Le cycle " Histoires(s) de télévision" est coordonné par Vidéo Les Beaux Jours, en partenariat avec l’INA Grand-Est, l’action culturelle de l’université Marc Bloch, la SCAM, l’Académie de Strasbourg, le CRDP, le Musée d’art moderne et contemporain, la BMS, le TNS, Arte.

Le mardi 27 mars, j’ai eu l’opportunité de voir, en présence de leur réalisateur Alain Jaubert (plus connu pour son émission "Palettes"), un film sur l’écrivain mexicain Octavio Paz, "Paroles en forme de tourbillon" ( 1989), et un film sur le poète et peintre "Henri Michaux" ( 1995).

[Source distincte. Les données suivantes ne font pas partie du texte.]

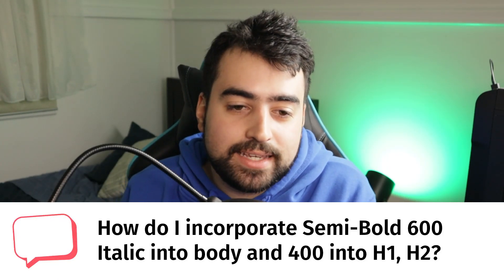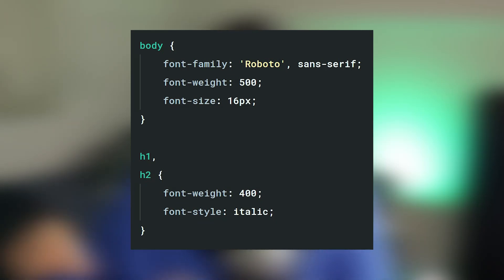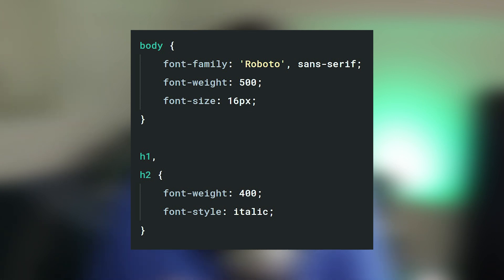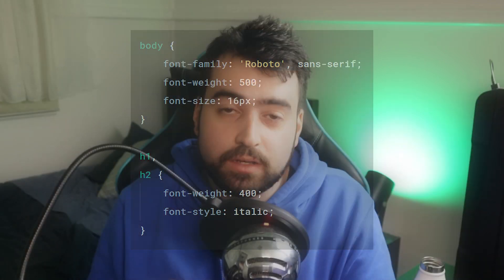The last comment asks how to incorporate semi-bold 600 italic into the body and regular 400 into h1 and h2. I chose this question because it relates to the correct usage of custom fonts — if you don't get this right, you risk different results on different operating systems or browsers; for example, your page might look different on Mac versus Windows. What I recommend is setting a base font in your body: for example, font-weight 500, font-family, and font-size 16px. Then for everything you want to be different — such as h1 and h2 — explicitly specify it, like font-weight 400. That way you have a solid base with explicit overrides, giving you the most robust result.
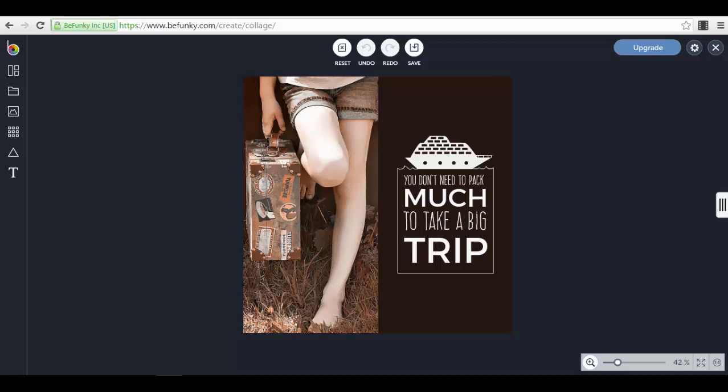Hello, welcome back to our course and to our lecture. In this lecture I will show you a tool of BeFunky that will help you create different types of images for different purposes. For example, you can create images for event covers.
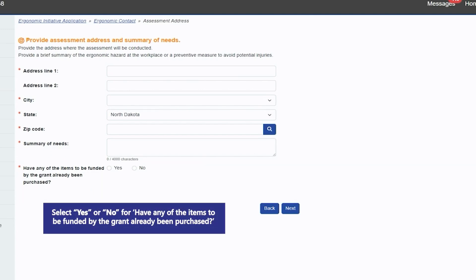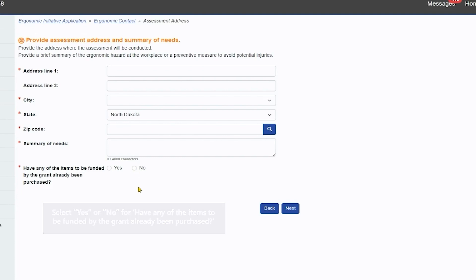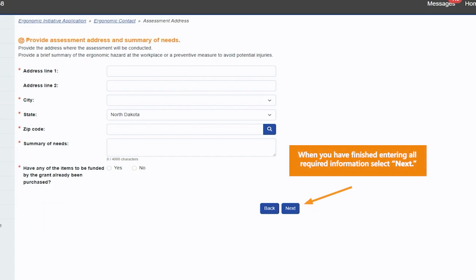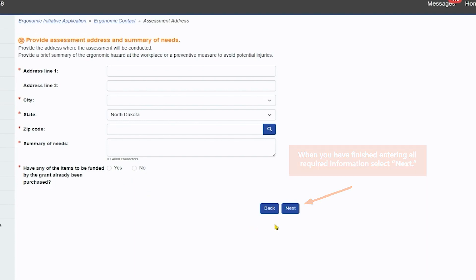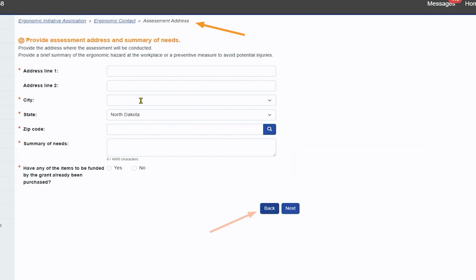Select yes or no for have any of the items to be funded by the grant already been purchased. When you have finished entering all required information, select next. You can navigate back to the applicable page using the back button or the breadcrumb.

Films, il faudra le souligner sans relâche, qui témoignent d’une époque bel et bien révolue de la télévision de service public, d’un âge d’or où l’accès à la culture par le biais de la télévision ne semblait pas encore devoir relever d’une gageure insensée, et l’idée d’un public capable de s’y intéresser, ne pas être une proposition forcément incongrue.

Eh oui, je me souviens de cette époque finalement pas si lointaine où grâce au petit écran, je découvrais à la fois l’écriture documentaire et des pans d’histoire culturelle riches et variés !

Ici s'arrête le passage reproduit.